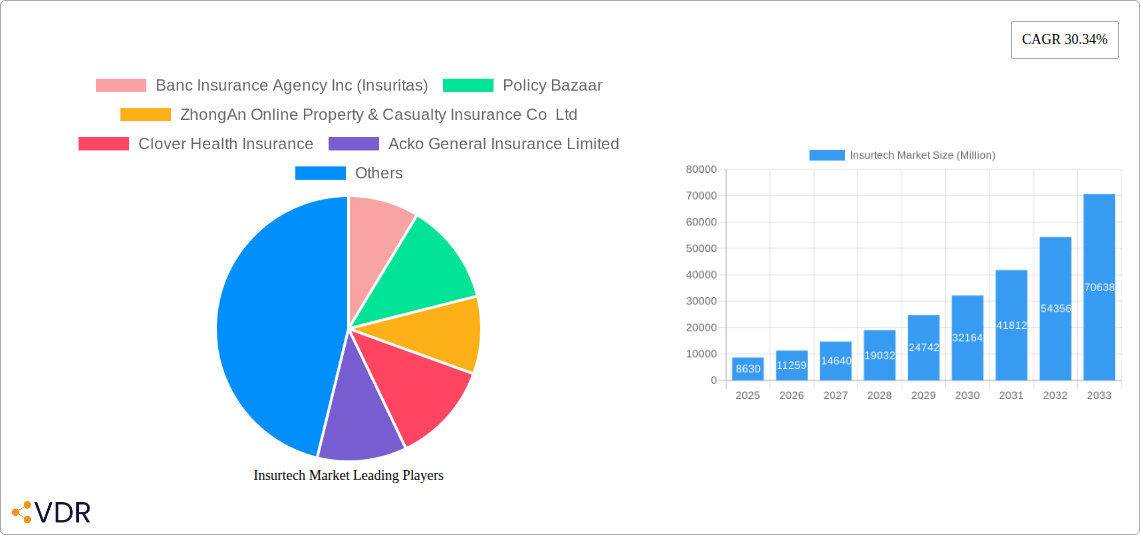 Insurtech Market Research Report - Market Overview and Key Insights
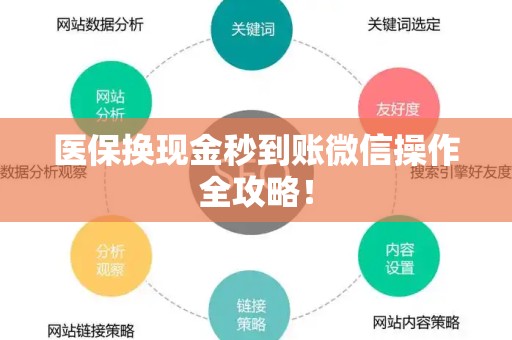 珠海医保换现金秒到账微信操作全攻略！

---

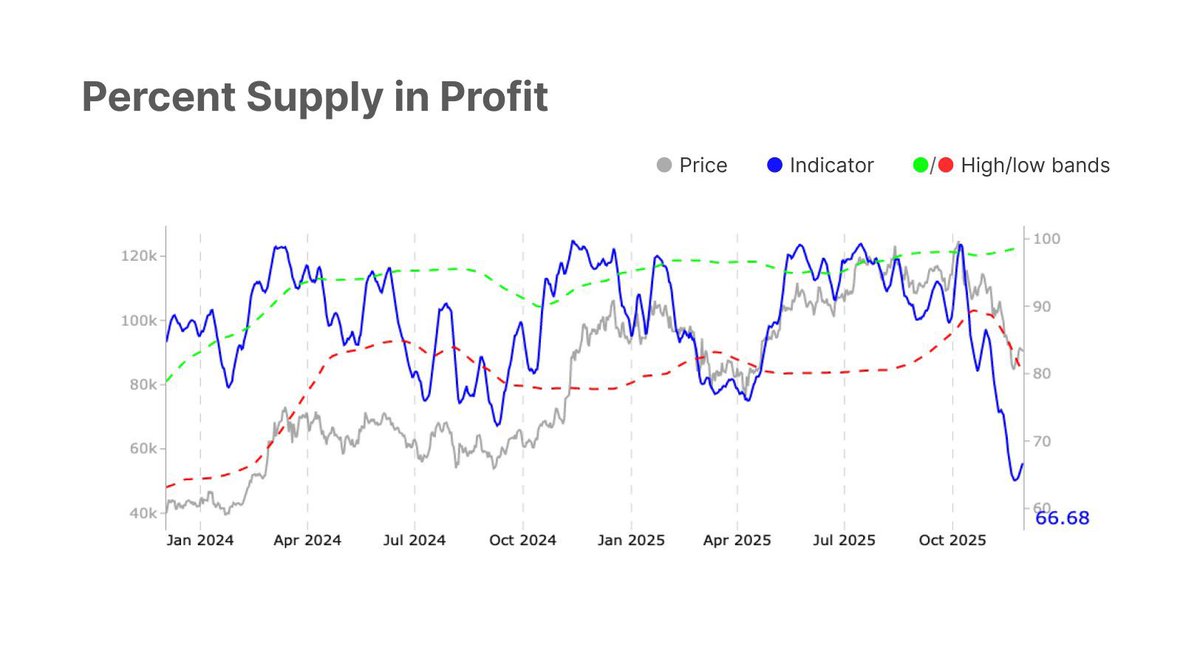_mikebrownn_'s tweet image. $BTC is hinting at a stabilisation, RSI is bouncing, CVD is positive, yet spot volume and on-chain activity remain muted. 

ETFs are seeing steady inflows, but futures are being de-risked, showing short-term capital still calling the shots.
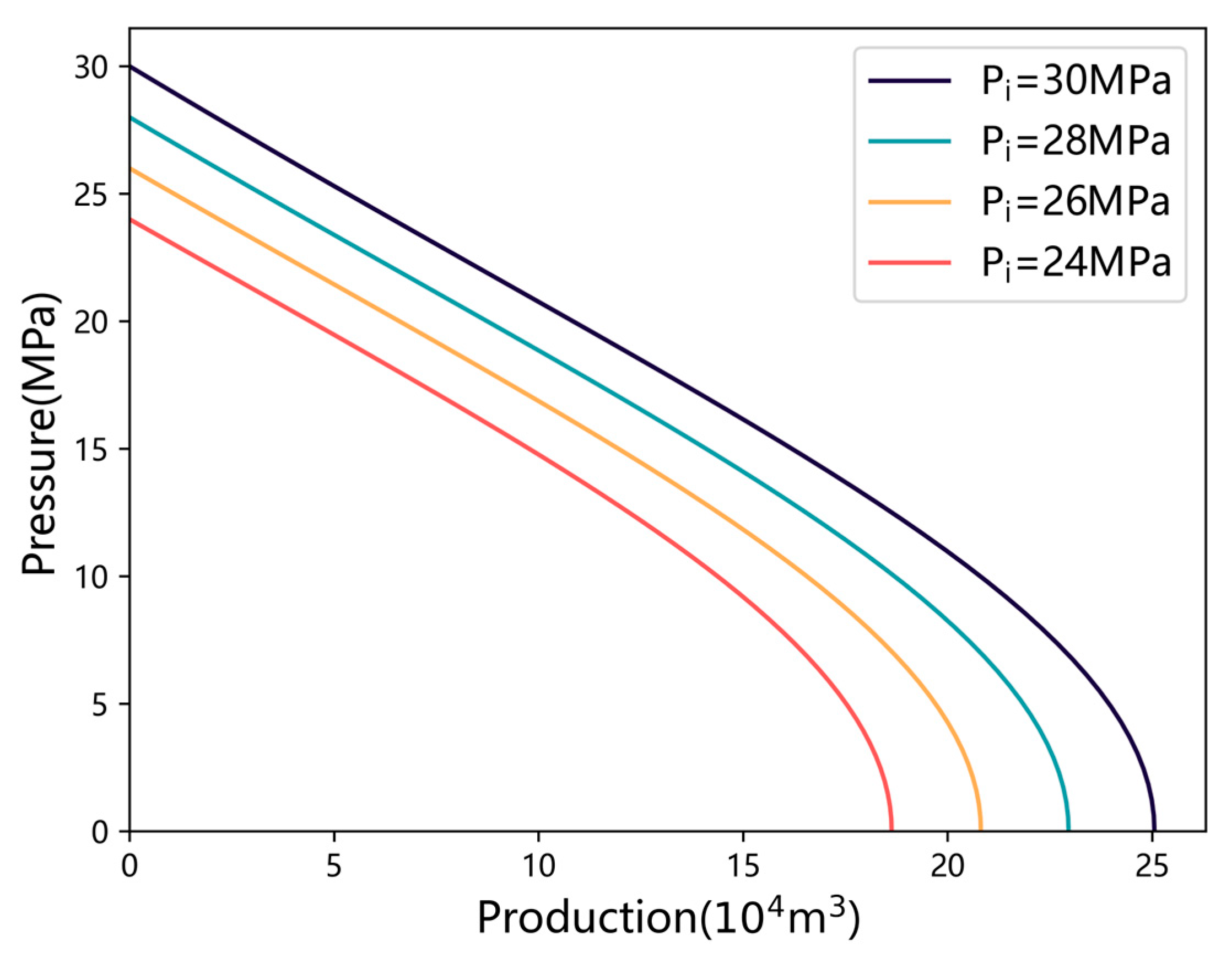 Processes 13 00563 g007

WORK ITEM:
Set down again, word for word, every line from the one with "ETFs are seeing" to the one with "Processes 13 00563 g007" in the entries above, and omit the pictures.

ANSWER TO THE PROBLEM:
ETFs are seeing steady inflows, but futures are being de-risked, showing short-term capital still calling the shots.
 Processes 13 00563 g007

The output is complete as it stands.